Menteri Kesehatan Budi Gunadi Sadikin menyadari kesulitan dalam menerapkan Kelas Rawat Inap Standar (KRIS). Salah satu alasan adalah penolakan yang muncul dari Rumah Sakit (RS).
“Awalnya, keuntungannya banyak sekali, sekarang keuntungannya tidak sebanyak itu kan? Karena harus membagikan keuntungan tersebut untuk meningkatkan layanan kesehatan kepada masyarakat,” kata Budi dalam wawancara dengan CNBC Indonesia.
KRIS adalah skema yang muncul berdasarkan Peraturan Presiden (Perpres) Nomor 59 Tahun 2024 sebagai pengganti kelas 1, 2, 3 yang selama ini ada dalam kepesertaan BPJS Kesehatan.
Menurut Budi, bisnis RS tentu harus tetap berjalan, namun layanan kepada masyarakat tidak boleh diabaikan.

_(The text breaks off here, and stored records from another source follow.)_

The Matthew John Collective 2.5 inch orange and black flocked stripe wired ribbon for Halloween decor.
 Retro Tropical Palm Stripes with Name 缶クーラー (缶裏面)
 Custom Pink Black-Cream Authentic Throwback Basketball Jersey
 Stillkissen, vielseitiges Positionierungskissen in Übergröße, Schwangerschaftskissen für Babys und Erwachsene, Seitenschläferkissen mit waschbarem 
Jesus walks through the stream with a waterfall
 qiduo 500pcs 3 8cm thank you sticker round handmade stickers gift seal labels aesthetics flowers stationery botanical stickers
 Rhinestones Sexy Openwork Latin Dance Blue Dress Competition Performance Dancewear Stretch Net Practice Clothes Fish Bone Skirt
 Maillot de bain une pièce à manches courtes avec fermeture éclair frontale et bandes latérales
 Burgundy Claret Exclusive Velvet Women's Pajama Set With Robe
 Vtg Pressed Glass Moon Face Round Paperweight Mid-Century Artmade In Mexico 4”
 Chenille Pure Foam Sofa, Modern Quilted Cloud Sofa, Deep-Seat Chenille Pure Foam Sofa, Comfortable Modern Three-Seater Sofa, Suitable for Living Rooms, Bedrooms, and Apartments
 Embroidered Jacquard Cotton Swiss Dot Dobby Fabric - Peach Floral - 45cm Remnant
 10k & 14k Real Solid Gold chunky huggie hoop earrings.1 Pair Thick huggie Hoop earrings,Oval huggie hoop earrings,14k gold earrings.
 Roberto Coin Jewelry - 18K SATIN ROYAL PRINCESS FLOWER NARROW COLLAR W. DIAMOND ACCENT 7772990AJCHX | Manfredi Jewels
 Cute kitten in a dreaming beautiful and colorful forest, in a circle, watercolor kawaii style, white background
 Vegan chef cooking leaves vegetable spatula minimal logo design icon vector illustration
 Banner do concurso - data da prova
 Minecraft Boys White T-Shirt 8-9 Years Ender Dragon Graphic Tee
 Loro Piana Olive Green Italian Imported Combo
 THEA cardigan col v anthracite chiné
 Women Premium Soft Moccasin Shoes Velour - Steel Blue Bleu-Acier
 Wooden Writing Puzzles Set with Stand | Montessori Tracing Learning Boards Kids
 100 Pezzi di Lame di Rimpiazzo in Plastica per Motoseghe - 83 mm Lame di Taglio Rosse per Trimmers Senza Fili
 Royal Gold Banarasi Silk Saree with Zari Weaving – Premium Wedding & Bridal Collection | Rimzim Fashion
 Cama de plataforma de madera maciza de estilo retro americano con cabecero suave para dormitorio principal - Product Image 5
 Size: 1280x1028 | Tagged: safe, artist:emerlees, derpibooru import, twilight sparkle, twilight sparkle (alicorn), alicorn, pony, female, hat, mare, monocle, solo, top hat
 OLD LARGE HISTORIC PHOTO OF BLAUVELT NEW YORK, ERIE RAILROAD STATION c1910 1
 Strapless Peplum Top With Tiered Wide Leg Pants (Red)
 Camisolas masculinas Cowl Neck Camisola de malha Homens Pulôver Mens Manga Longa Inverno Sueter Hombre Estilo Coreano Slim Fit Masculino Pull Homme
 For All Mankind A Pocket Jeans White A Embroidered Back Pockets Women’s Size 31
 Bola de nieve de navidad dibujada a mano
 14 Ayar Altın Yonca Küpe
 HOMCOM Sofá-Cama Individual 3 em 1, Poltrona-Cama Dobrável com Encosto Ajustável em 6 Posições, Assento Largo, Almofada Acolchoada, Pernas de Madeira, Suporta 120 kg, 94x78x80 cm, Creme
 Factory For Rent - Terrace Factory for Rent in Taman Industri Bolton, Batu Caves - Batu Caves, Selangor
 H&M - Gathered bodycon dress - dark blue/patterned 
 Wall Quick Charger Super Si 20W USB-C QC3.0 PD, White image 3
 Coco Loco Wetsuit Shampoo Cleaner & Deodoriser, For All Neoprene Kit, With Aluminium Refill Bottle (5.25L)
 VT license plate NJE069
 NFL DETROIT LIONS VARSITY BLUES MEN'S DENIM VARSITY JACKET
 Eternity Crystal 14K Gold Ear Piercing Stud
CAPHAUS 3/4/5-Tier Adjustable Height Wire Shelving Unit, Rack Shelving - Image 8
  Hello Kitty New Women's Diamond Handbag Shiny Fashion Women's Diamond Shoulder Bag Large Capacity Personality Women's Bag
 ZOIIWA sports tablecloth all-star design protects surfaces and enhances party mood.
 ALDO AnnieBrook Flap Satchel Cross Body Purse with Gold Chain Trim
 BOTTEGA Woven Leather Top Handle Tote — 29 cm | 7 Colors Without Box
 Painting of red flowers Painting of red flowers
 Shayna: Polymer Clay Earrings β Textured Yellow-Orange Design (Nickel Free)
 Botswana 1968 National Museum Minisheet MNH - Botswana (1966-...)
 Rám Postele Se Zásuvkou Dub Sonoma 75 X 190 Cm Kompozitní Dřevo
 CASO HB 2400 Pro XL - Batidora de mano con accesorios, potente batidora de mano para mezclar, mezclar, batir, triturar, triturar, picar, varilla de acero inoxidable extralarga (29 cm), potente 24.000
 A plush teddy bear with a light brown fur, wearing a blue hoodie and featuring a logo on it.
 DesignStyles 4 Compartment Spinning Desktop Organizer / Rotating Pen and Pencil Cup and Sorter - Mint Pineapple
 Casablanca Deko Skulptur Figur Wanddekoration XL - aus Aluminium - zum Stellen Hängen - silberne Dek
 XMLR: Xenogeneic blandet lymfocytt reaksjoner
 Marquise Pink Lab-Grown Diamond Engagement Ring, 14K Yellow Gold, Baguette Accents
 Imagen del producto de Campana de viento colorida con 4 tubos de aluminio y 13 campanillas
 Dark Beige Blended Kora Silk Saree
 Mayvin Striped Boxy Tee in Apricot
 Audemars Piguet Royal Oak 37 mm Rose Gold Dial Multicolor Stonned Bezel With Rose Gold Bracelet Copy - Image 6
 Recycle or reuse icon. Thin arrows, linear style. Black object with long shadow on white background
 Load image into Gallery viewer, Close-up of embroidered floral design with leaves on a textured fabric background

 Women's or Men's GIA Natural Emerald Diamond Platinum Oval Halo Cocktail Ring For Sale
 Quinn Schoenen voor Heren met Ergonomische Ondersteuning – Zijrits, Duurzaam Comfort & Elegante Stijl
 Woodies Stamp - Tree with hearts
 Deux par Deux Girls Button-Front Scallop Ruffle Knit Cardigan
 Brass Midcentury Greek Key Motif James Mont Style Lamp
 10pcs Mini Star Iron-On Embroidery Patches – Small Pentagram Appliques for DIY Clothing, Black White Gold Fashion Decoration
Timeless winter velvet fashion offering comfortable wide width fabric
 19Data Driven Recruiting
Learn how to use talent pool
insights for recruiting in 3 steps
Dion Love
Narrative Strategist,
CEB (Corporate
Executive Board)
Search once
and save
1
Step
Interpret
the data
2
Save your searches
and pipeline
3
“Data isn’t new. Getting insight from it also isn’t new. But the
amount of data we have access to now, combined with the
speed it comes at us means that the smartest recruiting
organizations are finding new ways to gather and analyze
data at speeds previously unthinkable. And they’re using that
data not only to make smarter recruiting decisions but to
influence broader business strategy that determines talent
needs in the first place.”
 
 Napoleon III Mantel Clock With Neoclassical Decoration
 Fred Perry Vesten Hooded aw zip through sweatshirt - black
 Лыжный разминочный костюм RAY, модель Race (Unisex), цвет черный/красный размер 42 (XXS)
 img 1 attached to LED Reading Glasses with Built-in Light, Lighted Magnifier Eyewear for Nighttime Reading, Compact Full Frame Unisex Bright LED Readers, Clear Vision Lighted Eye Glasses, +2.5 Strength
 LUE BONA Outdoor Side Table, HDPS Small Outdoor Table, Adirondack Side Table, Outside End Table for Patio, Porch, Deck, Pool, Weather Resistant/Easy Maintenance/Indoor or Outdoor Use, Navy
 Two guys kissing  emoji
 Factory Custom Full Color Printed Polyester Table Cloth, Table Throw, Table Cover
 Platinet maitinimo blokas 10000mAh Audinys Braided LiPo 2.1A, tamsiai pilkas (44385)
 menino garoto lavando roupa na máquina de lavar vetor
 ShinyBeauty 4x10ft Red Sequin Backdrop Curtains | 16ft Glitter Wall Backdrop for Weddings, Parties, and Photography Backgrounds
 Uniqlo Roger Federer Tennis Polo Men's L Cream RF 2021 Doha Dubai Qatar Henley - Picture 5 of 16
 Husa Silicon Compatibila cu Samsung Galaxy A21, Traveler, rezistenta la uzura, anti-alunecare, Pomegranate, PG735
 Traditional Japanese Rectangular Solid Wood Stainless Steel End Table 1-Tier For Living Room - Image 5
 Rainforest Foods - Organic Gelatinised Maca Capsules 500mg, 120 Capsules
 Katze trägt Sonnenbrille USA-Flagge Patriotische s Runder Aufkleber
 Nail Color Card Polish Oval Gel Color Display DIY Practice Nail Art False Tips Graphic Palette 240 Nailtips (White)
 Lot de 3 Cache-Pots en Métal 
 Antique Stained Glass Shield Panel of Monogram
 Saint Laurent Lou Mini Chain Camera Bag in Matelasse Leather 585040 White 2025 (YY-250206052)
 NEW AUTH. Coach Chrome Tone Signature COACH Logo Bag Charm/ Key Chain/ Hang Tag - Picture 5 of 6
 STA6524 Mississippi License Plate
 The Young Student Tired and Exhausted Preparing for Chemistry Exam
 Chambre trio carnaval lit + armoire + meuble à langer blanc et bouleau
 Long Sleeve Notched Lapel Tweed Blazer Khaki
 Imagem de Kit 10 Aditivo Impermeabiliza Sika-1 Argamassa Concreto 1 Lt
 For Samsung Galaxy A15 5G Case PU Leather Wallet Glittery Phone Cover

“Tapi sebagai Menteri, apakah saya ingin RS saya hidup dengan 3.200 sekarang? Berikan layanan yang lebih baik kepada masyarakat kita,” paparnya.
Budi menemukan masalah fasilitas buruk dari beberapa RS, seperti ketersediaan kamar. Ada RS yang menempatkan 12 pasien dalam satu kamar.
“Bagaimana bisa satu kamar diisi oleh 12 atau 10 pasien, dengan WC di luar kamar, kasihan mereka,” tambahnya.
“Sebenarnya, KRIS Kelas Rawat Inap Standar dibuat karena pemerintah dan BPJS ingin meningkatkan kualitas layanan kesehatan kepada masyarakat kita, terutama yang berada di lapisan bawah,” terang Budi.